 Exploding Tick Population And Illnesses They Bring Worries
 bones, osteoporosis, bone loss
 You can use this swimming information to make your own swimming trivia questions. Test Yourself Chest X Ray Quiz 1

_Assignment:_ Output nothing but the lines from the one containing "bones, osteoporosis, bone loss" through the last line of the data, exactly as they stand.

_Finished task:_
 bones, osteoporosis, bone loss
 You can use this swimming information to make your own swimming trivia questions. Test Yourself Chest X Ray Quiz 1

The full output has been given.